In diesem Kontext ist in den Innenstädten auch ein „Rückgang der Zentralität“ zu verzeichnen, denn aus der Umgebung kommen die Kunden weniger häufig und nehmen auch nur noch kürzere Wege in Kauf. Zumal auch die Benzinpreise immer weiter steigen. Und wenn es ums Wohnen geht, zieht es die Menschen eher in die Stadtteile oder in die Speckgürtel. Stichwort: Suburbanisierung. Nach Jahns Beobachtung nehmen viele Menschen heute den Weg in die Innenstadt nur noch auf sich, wenn die City etwas Einmaliges bietet. Oder wenn der Gang in die Innenstadt in den Lebensablauf eingebaut werden kann, wie bei Menschen, die hier arbeiten.

Innenstädte werde als soziale Treffpunkte geschätzt

Vor diesem Hintergrund zitiert der Head of Business Development eine aktuelle Studie von Statista und Simon Kucher Beratung, wonach die Innenstadt für das Gros der Befragten (60% der Nennungen) „wichtig“ ist, um sich mit Freunden oder Familie zu treffen. Allerdings ist es auch für einen erheblichen Teil der Befragten (über 55% der Nennungen) wichtig, in die City zu gehen, um den lokalen Einzelhandel zu unterstützen. Für den gezielten Einkauf ist sie dagegen weniger wichtig.

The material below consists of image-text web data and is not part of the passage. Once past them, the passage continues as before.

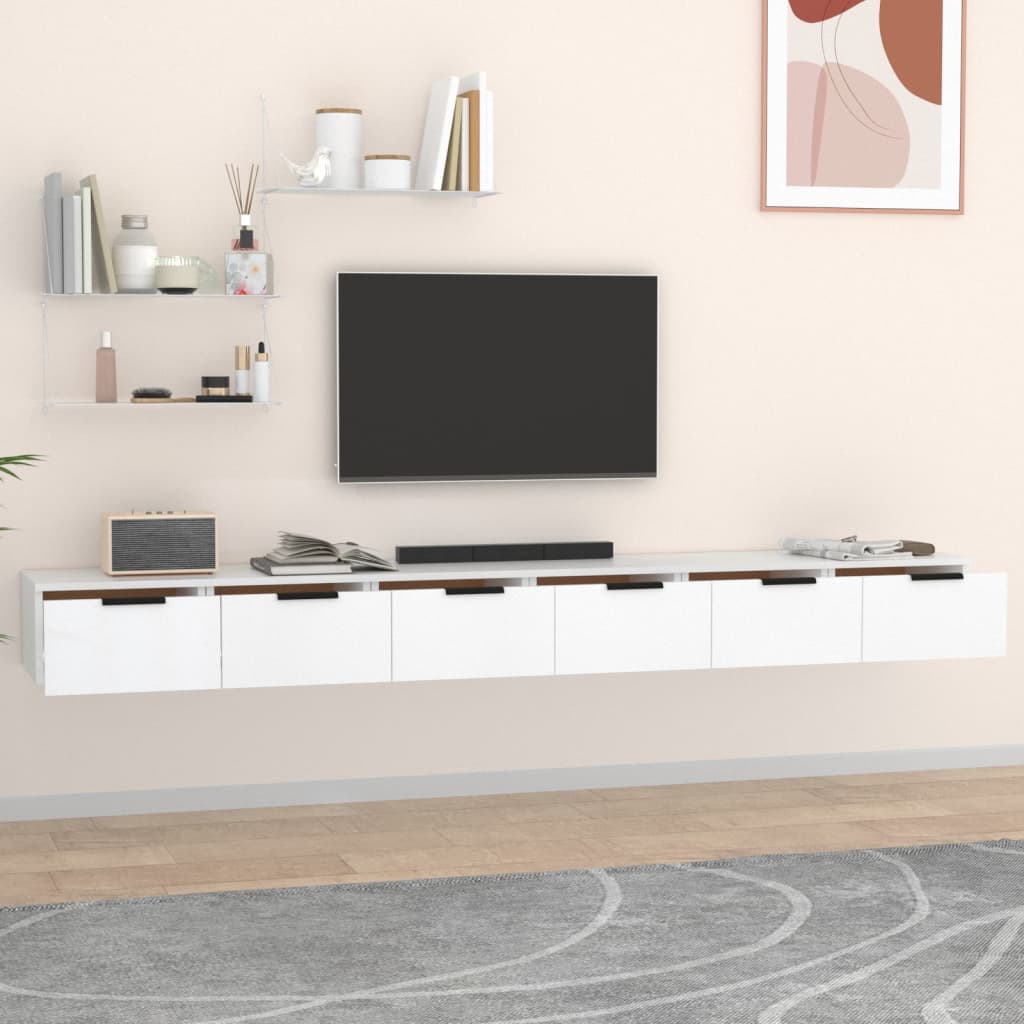 Armoires murales 2 pcs blanc 102x30x20 cm bois d'ingénierie - XIOS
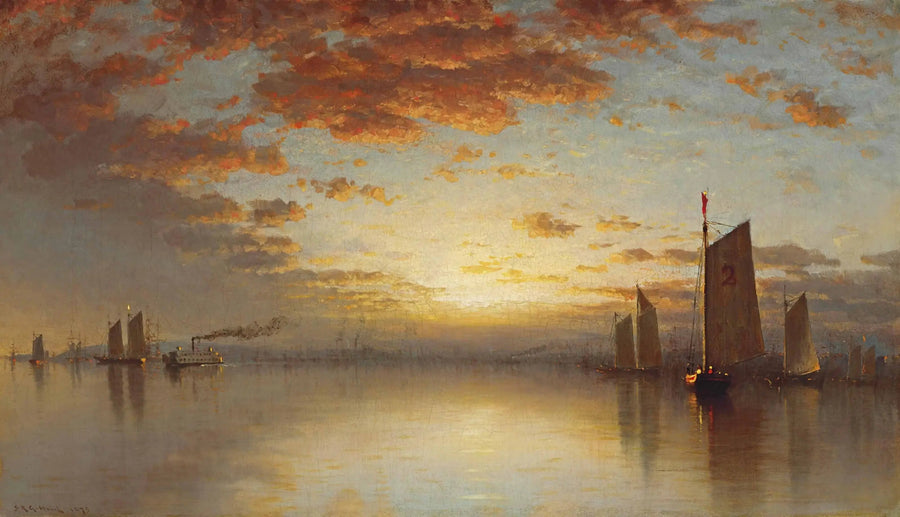 New York Körfezi'nde Gün Batımı - Sanford Robinson Gifford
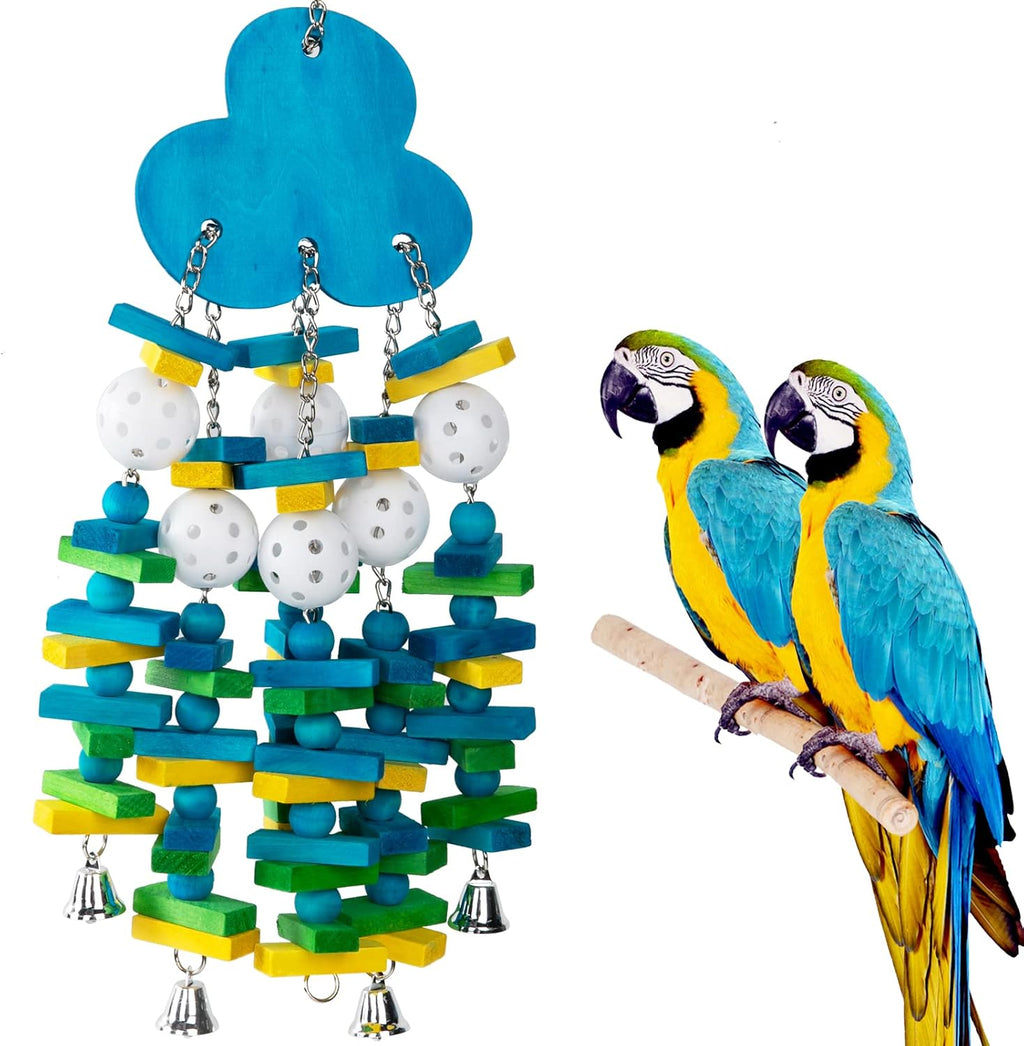 Variety of shapes and textures on Mewtogo large bird parrot toy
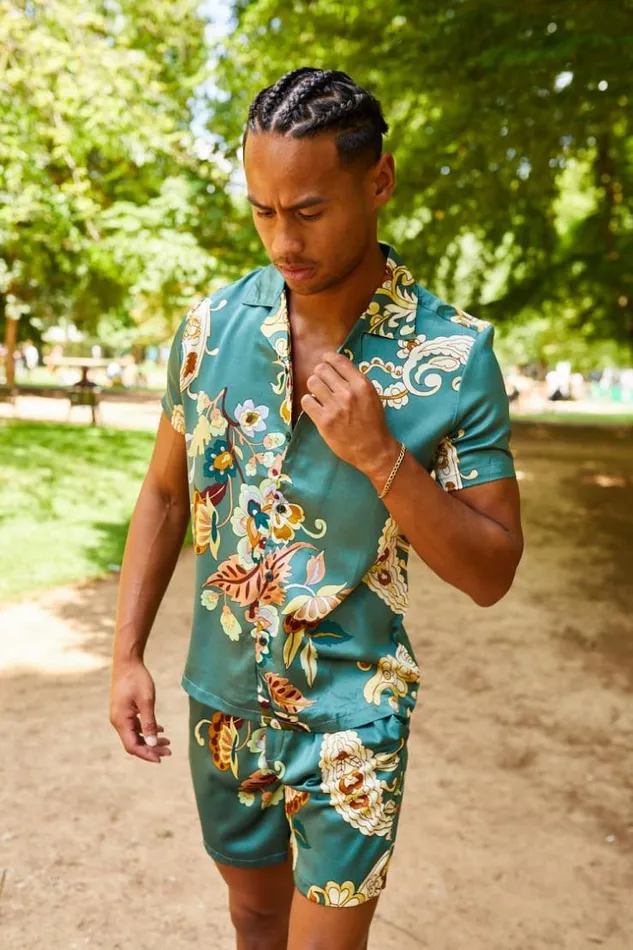 Men Ensemble 2 Pices Chemise Short Vert Motif Fleuri Green Brentiny Paris Top Bottom Sets Men Ensemble 2 Pices Chemise Short Vert Motif Fleuri Green Brentiny Paris Top Bottom Sets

Des Weiteren ist ein Teil der Wertschöpfung in dezentrale Lagen abgewandert. Gerade in den 1970er- und den 1980er-Jahren sind mit dem Siegeszug des Autos auch viele Lebensmittelhändler mit großflächigen Verbrauchermärkten sowie Baufachmärkte, Elektrofachmärkte und Möbelhändler auf die grüne Wiese gezogen. Und last not least ist im innerstädtischen Handelsimmobilienmarkt der Druck auf die Standortkosten in den vergangenen Jahren stark gestiegen und durch die Umsatzausfälle im Handel im Zuge der Zwangsschließungen nochmals gewachsen. Dem großen Bauboom auf der einen Seite stand laut Jahn der Umsatzrückgang im innerstädtischen Nonfood-Handel – insbesondere im Modehandel – auf der anderen Seite gegenüber, sodass sich eine strukturelle Schieflage entwickelt hat.

Hinzu kommt, dass viele stationäre Einzelhändler im Zuge ihrer Multichannel-Strategie und mit Blick auf den Ausbau des Online-Geschäfts kleinere und weniger Flächen benötigen. Mit den sinkenden Mieten werde es aber schwierig, das Wertsteigerungspotenzial der Immobilien zu realisieren, so der Experte. Die zentrale Frage, die sich vor diesem Hintergrund stellt, ist, wie die Städte diesen grundlegenden Trends entgegenwirken und wieder von selbst funktionieren können.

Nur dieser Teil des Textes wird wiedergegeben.